→ **Problem statement**:
Please copy each line of the data that includes the string "South".

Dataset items
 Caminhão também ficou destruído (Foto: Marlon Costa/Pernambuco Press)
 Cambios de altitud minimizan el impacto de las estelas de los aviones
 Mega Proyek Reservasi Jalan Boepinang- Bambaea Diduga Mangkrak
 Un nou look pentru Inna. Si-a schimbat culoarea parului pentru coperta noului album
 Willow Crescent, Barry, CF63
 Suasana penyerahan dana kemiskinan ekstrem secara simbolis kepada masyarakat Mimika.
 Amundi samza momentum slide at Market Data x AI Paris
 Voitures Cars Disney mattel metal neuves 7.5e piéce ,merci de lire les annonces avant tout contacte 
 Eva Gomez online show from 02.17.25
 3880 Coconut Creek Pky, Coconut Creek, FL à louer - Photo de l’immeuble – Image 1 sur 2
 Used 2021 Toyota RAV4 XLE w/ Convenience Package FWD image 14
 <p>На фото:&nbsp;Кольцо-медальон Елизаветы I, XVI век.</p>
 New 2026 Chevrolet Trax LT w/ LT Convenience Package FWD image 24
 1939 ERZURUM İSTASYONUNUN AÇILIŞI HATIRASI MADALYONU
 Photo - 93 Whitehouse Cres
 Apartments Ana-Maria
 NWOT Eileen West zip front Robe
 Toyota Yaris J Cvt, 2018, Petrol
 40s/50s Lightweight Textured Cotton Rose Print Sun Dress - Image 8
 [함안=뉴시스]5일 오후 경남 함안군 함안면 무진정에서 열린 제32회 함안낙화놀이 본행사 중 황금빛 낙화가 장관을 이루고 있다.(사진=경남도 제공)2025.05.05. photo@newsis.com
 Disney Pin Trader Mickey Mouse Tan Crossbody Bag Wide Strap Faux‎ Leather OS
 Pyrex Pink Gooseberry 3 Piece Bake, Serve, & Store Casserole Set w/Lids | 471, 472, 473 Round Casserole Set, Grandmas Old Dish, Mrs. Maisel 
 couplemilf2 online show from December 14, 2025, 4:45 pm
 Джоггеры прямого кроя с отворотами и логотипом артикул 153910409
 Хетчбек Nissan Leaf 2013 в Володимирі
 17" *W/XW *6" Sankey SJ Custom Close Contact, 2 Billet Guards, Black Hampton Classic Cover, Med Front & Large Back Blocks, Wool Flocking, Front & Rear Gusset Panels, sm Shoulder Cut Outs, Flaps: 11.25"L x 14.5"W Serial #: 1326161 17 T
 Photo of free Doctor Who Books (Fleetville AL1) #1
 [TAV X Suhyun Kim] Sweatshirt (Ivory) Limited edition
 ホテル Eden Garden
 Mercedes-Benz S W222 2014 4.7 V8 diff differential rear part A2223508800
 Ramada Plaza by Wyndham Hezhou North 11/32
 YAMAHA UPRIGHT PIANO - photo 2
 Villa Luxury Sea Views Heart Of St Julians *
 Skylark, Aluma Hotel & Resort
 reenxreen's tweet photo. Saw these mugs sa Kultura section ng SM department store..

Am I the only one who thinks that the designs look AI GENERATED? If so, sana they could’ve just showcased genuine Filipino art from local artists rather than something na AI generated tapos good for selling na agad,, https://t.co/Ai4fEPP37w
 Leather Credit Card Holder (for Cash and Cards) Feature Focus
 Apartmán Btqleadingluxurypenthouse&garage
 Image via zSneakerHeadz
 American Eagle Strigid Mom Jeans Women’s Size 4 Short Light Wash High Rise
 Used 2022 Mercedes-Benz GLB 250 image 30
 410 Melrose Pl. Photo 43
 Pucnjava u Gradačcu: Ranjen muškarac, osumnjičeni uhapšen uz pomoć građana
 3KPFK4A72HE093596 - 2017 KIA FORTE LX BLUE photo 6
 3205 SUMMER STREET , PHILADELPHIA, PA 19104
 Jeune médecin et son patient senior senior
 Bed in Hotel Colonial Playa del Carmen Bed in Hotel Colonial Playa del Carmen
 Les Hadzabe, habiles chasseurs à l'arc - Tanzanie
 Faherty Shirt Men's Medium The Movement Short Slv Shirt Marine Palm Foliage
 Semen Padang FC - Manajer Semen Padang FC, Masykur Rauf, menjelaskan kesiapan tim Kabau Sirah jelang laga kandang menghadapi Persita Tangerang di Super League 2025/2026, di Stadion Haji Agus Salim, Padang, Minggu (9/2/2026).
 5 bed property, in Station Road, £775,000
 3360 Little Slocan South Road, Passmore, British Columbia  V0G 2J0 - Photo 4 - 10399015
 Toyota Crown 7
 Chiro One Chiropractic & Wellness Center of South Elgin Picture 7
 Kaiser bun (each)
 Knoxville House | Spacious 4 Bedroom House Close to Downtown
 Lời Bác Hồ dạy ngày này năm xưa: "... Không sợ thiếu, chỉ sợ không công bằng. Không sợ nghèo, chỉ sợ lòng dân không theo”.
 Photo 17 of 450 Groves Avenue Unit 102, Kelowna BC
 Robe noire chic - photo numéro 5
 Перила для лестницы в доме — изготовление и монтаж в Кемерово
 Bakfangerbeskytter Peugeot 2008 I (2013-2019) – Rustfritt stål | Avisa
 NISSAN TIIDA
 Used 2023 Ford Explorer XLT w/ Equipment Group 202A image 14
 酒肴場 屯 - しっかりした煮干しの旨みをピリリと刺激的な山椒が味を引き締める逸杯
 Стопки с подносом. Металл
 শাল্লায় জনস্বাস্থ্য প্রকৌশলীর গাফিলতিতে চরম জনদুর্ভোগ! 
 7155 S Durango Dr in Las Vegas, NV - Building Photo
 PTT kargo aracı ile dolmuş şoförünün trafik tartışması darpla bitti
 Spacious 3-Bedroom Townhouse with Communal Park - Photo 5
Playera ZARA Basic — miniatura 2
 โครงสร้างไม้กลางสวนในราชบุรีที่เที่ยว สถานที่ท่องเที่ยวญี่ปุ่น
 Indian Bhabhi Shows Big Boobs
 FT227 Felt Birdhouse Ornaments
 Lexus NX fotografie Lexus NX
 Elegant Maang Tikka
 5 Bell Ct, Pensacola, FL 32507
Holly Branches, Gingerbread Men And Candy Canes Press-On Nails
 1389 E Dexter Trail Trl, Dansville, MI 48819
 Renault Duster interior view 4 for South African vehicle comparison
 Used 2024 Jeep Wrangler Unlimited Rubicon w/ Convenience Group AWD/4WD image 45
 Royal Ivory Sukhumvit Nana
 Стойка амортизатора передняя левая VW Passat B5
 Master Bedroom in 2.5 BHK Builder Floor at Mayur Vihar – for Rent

→ **Result below**:
 3360 Little Slocan South Road, Passmore, British Columbia  V0G 2J0 - Photo 4 - 10399015
 Chiro One Chiropractic & Wellness Center of South Elgin Picture 7
 Renault Duster interior view 4 for South African vehicle comparison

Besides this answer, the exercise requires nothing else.